** Available data follows **

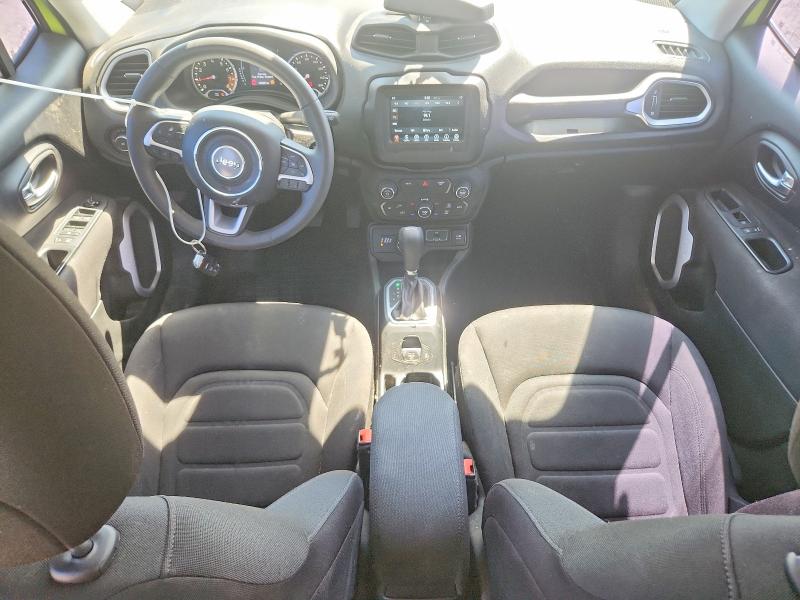 Продаж на аукціоні авто 2018 Jeep Renegade, vin: ZACCJBBB7JPG76123, номер лоту: 50462076
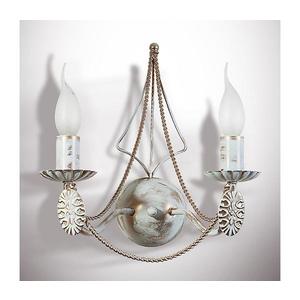 Aplica perete VANESSA 2xE14/40W/230V imagine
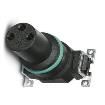 1412250 Circular Metric Connectors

** End of Available data **

▶ _Work order_: Where the line containing "Aplica perete VANESSA 2xE14/40W/230V imagine" appears, begin writing out the lines word for word, and continue through the last line of the data, leaving out pictures.

▶ _Response box_:
 Aplica perete VANESSA 2xE14/40W/230V imagine
 1412250 Circular Metric Connectors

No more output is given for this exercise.